━━━━━ Information given ━━━━━
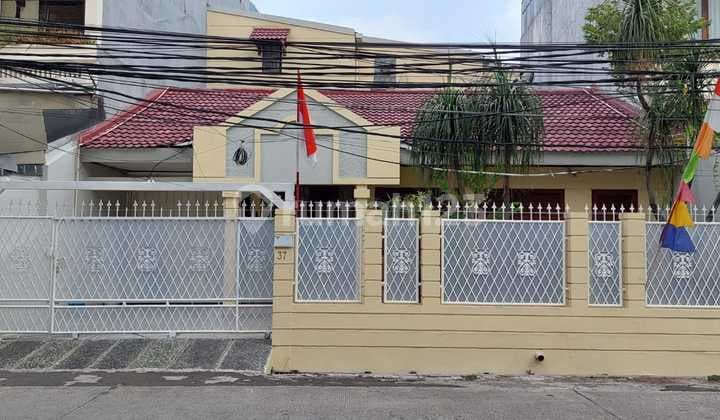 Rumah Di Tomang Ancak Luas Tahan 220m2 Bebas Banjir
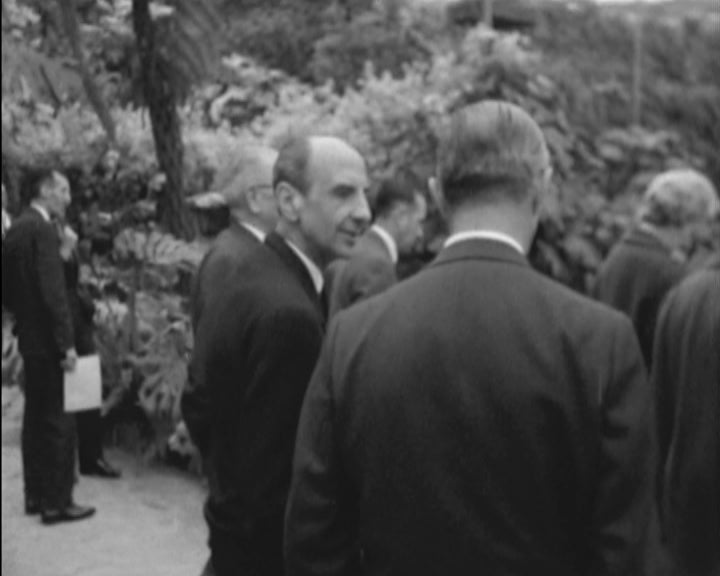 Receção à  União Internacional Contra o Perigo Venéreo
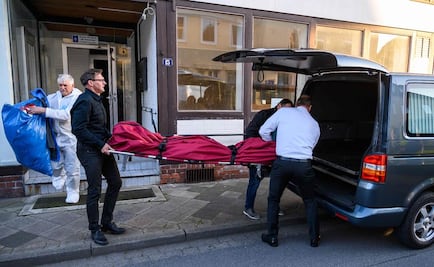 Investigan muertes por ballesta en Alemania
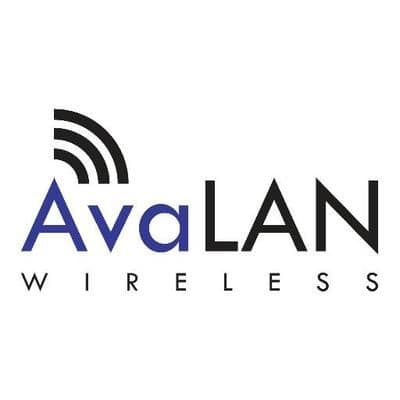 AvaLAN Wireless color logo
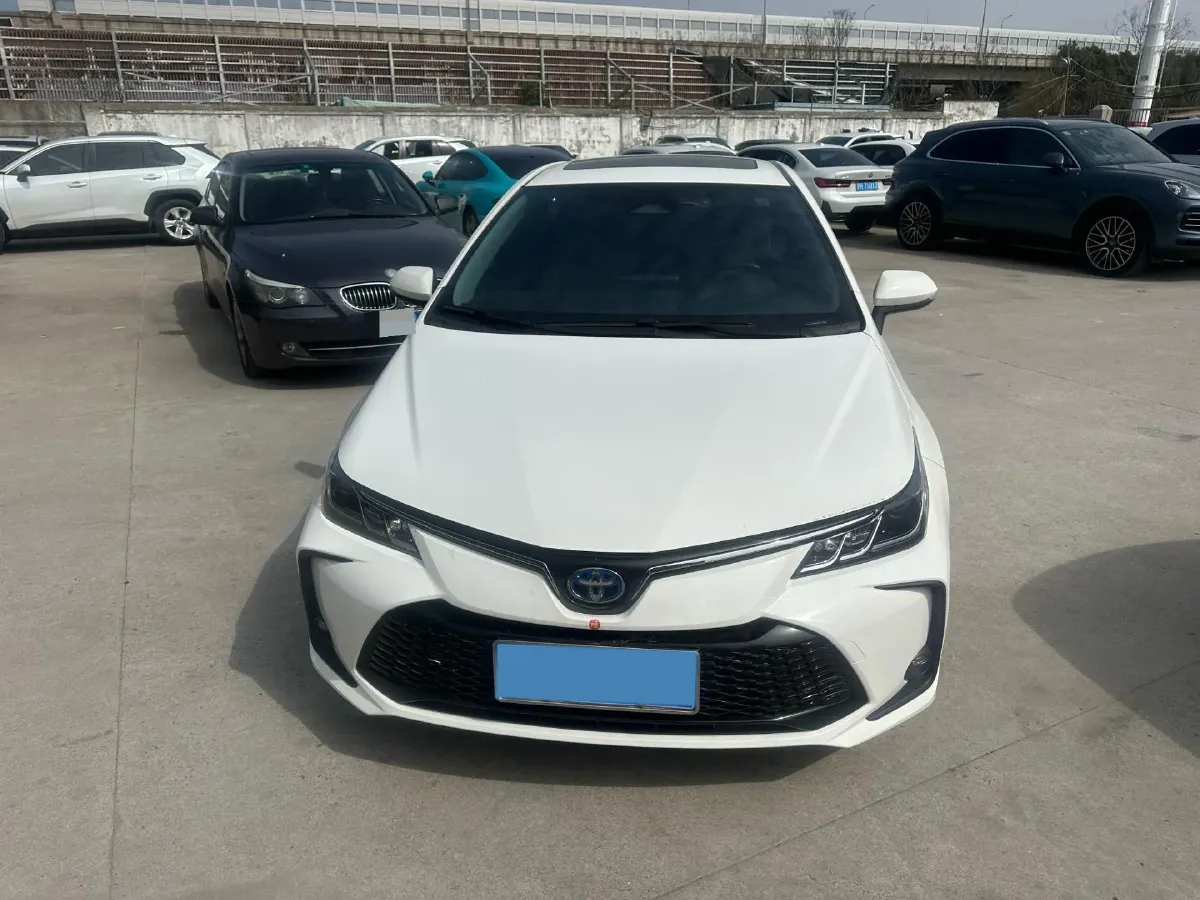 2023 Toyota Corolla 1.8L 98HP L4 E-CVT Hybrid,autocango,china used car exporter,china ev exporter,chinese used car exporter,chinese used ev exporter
━━━━━
Beginning with the line with "Investigan muertes por ballesta en Alemania", repeat the entries above exactly, up to and including the last line, leaving out pictures.

 Investigan muertes por ballesta en Alemania
 AvaLAN Wireless color logo
 2023 Toyota Corolla 1.8L 98HP L4 E-CVT Hybrid,autocango,china used car exporter,china ev exporter,chinese used car exporter,chinese used ev exporter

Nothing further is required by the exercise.